Dwayne Hallman
Analyst · Voya Financial. Please proceed with your question.
This Dwayne Hallman, I’ll talk about our reinsurance program a bit. We run a very, very strong program. In fact, from a catastrophe standpoint, we’re buying at about a one-in-375-year type event. Our attachment point is $25 million on the cat storms. The advantage we’ve had is, given all of our risk management activity our declining coastal policies, just aggressive activity over the last few years, as the reinsurance market prices have come down, we haven’t had to take that opportunity to buy more coverage, as a lot of companies have been doing in order to try to get their one-in-x up to a more acceptable level. So we’ve actually been able to take the savings and push them back into our property line, make our products more competitive, or invest in our infrastructure, et cetera. Now, to your question about alternative reinsurance structures, I’ll use an aggregate as an example. I think you’ll tend to find a lot of regional companies buying the aggregate. But given our national presence, aggregate covers are usually difficult to guess. If you’re going to go into that arena, you’ll usually need to buy it year after year and not try to guess it. So at some point, it’s just a swap of dollars on renting someone else’s balance sheet.

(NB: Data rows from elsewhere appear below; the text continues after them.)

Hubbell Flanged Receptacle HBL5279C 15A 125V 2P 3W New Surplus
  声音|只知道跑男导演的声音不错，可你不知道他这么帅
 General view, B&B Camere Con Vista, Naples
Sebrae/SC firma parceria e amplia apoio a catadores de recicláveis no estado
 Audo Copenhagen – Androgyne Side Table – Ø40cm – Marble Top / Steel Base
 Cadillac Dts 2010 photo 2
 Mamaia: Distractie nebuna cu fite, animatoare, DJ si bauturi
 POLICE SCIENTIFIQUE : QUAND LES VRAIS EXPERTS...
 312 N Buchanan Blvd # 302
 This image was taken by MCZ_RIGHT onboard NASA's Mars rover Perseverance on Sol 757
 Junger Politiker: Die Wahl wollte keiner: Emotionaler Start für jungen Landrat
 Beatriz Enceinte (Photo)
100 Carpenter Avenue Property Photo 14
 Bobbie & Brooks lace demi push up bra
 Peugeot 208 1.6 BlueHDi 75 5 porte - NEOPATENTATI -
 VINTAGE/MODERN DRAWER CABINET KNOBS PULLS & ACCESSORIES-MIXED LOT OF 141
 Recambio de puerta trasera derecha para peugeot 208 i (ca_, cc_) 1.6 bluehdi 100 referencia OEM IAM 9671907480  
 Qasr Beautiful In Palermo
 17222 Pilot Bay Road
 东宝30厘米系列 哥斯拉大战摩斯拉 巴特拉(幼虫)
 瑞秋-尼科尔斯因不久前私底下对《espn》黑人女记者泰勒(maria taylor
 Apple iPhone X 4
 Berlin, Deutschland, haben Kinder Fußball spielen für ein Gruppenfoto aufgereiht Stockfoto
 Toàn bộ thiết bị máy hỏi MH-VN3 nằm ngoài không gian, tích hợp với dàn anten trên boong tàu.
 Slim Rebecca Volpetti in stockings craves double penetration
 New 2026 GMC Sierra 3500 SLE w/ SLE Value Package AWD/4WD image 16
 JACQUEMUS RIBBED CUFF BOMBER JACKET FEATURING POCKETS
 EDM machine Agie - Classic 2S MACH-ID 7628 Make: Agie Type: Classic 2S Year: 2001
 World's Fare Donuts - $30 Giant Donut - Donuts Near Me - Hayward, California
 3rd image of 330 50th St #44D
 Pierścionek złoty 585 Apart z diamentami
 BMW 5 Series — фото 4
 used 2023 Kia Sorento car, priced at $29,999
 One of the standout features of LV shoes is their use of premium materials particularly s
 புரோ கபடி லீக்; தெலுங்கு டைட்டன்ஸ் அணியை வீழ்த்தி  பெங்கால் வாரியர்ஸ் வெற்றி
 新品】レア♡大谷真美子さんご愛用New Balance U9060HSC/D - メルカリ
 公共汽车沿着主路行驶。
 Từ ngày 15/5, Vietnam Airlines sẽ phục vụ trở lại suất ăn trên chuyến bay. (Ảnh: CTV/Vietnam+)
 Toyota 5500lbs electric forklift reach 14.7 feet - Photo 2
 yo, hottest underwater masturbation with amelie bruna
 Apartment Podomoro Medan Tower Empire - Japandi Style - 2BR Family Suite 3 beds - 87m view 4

And given the strength of our balance sheet and our P&C operations, I don’t need to pay someone else for their balance sheet. As far as one-off events, I’m not sure exactly what you’re referring to, unless you’re maybe talking about a concentration of risk. But once again, with our risk management activities, that’s really not an issue for us. And with our basically – except for some tenant policies, maybe one or two property policies left, when it comes to Florida, I really don’t need to design a separate program just for Florida, because I’m basically not there anymore from a property perspective. And in fact, with that exit, we’ve eliminated our exposure to probably the worst reinsurer in the marketplace, which is the Florida Hurricane Cap Fund. So with our balance sheet excess capital, our reinsurance structure; given our national presence, I think we got a great reinsurance program in place.